Last synced: about 1 month ago
JSON representation

[ACL 2021] Learning Relation Alignment for Calibrated Cross-modal Retrieval

Awesome Lists containing this project

README

        

# IAIS: Inter-modal Alignment for Intra-modal Self-attentions

[![PWC](https://img.shields.io/endpoint.svg?url=https://paperswithcode.com/badge/learning-relation-alignment-for-calibrated/visual-reasoning-on-winoground)](https://paperswithcode.com/sota/visual-reasoning-on-winoground?p=learning-relation-alignment-for-calibrated)
[![PWC](https://img.shields.io/endpoint.svg?url=https://paperswithcode.com/badge/learning-relation-alignment-for-calibrated/image-to-text-retrieval-on-coco)](https://paperswithcode.com/sota/image-to-text-retrieval-on-coco?p=learning-relation-alignment-for-calibrated)
[![PWC](https://img.shields.io/endpoint.svg?url=https://paperswithcode.com/badge/learning-relation-alignment-for-calibrated/cross-modal-retrieval-on-flickr30k)](https://paperswithcode.com/sota/cross-modal-retrieval-on-flickr30k?p=learning-relation-alignment-for-calibrated)

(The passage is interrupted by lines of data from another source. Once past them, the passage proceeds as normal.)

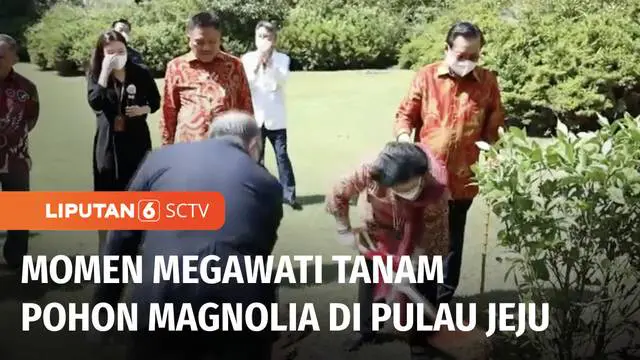 Dalam kunjungannya ke Korea Selatan sebagai pembicara kunci dalam Jeju Forum 2022, Megawati mengingatkan masyarakat untuk mencintai lingkungan. Megawati menyempatkan menanam pohon magnolia secara simbolis di Pulau Jeju.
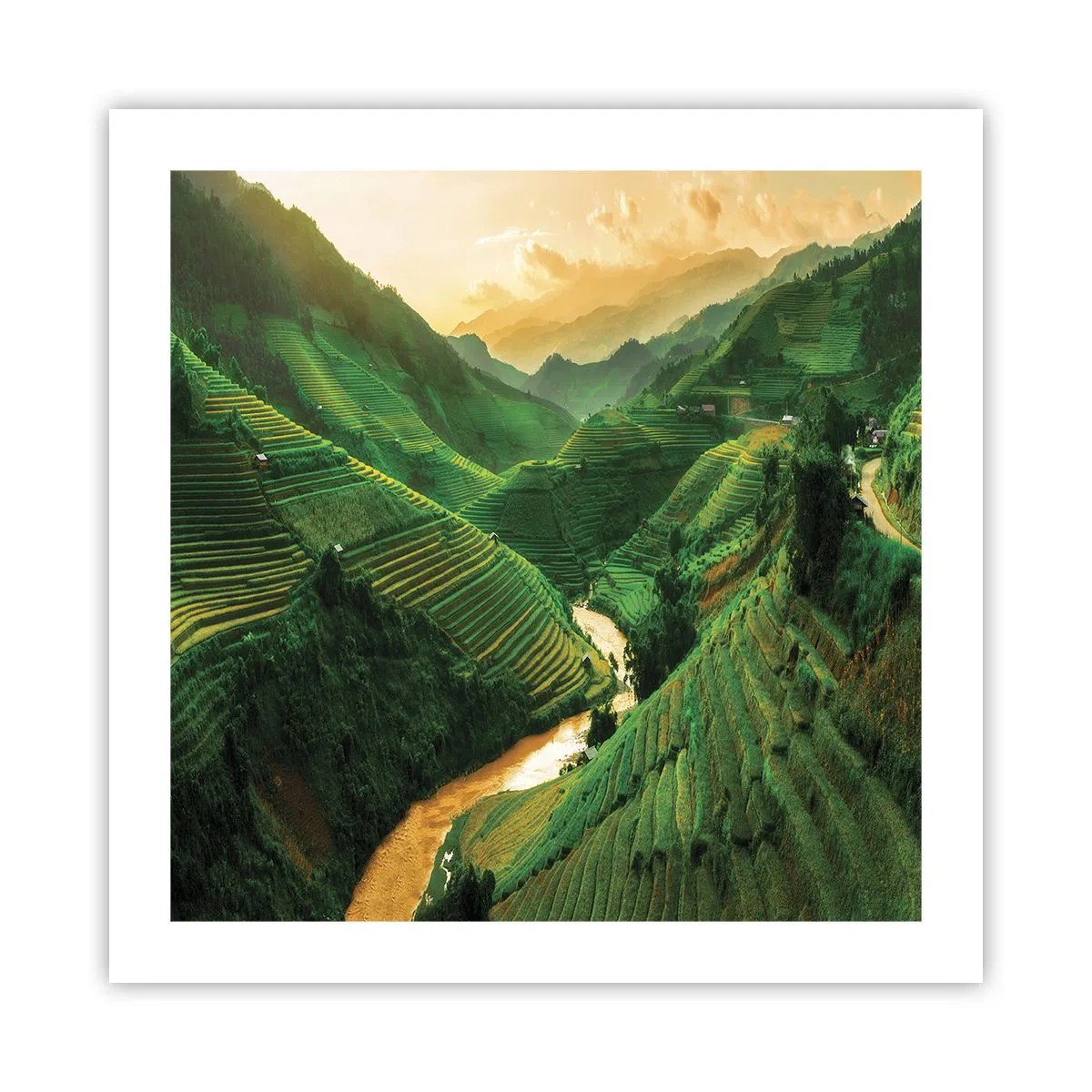 Plakat - Vietnamesisk dal - 50x50 cm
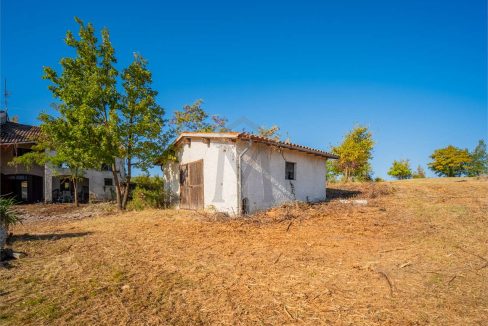 imm_45739-20251013100202-1280-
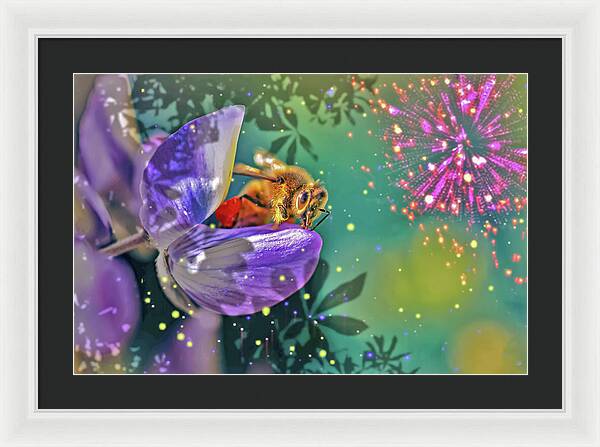 Fireworks and Bee on Flower - Framed Print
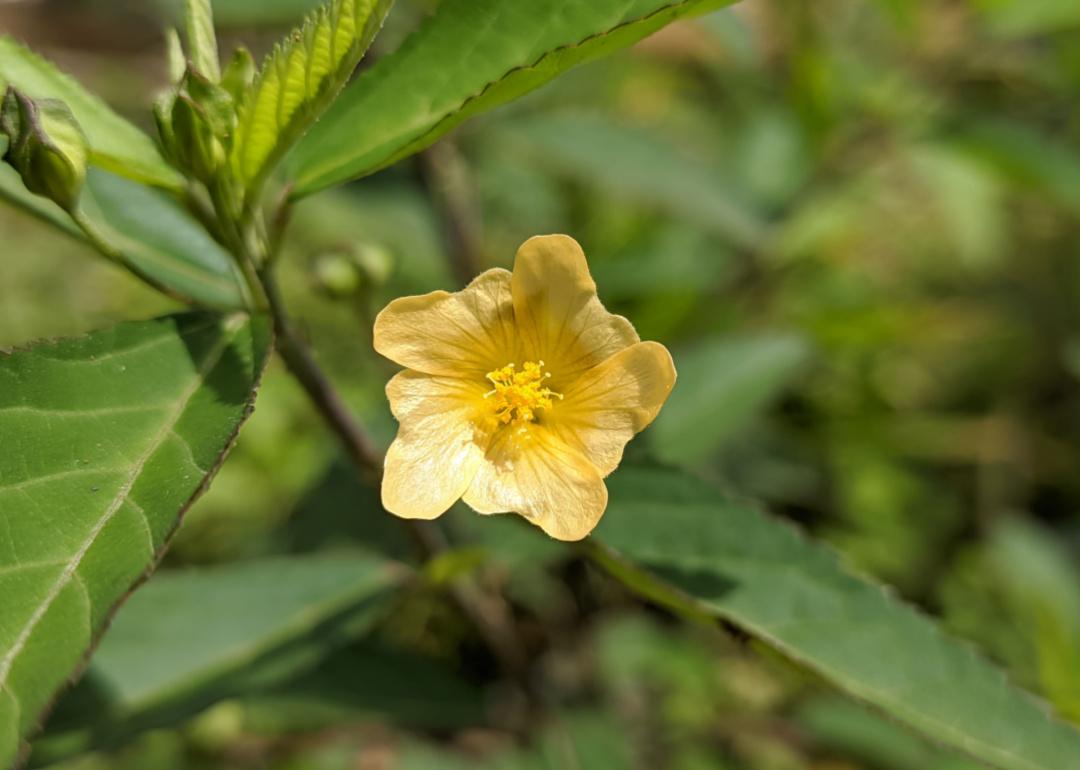 Sida rhombifolia Sida rhombifolia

This repository contains the code for our paper [Learning Relation Alignment for Calibrated Cross-modal Retrieval](https://arxiv.org/abs/2105.13868) (ACL-IJCNLP 2021 main conference).

![Overview of IAIS](figures/IAIS.png)

Some code in this repo are copied/modified from [UNITER](https://github.com/ChenRocks/UNITER), and other opensource implementations made available by
[PyTorch](https://github.com/pytorch/pytorch),
[HuggingFace](https://github.com/huggingface/transformers),
[OpenNMT](https://github.com/OpenNMT/OpenNMT-py),
and [Nvidia](https://github.com/NVIDIA/DeepLearningExamples/tree/master/PyTorch).
The image features are extracted using [BUTD](https://github.com/peteanderson80/bottom-up-attention).

## Update
[2023.02] Please refer to [Github Release](https://github.com/lancopku/IAIS/releases/tag/v0.1.0) for our fine-tuned checkpoints and logs for MS COCO and Flickr30k.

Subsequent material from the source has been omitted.